**WORK ORDER:**
Only one span belongs in the answer: the line holding "姿勢サポートブラジャー・姿勢サポーター" through the last line of the entries below, retyped exactly.

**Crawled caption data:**
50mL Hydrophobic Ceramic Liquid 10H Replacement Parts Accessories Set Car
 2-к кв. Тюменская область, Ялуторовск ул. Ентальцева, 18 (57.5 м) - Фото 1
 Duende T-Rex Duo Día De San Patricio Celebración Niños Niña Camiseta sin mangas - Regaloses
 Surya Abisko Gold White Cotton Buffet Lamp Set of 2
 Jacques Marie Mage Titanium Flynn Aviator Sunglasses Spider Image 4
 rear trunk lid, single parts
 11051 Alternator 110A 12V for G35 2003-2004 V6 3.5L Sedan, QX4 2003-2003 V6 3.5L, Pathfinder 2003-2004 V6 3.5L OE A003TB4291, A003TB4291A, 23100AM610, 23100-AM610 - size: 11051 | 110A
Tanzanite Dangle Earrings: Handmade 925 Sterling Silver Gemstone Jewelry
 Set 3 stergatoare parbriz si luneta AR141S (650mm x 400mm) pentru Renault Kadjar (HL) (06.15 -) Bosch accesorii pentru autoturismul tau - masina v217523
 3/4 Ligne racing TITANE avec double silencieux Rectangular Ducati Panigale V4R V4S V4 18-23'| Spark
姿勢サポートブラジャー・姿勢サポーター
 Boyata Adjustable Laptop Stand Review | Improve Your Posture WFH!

**THE COMPLETED TASK:**
姿勢サポートブラジャー・姿勢サポーター
 Boyata Adjustable Laptop Stand Review | Improve Your Posture WFH!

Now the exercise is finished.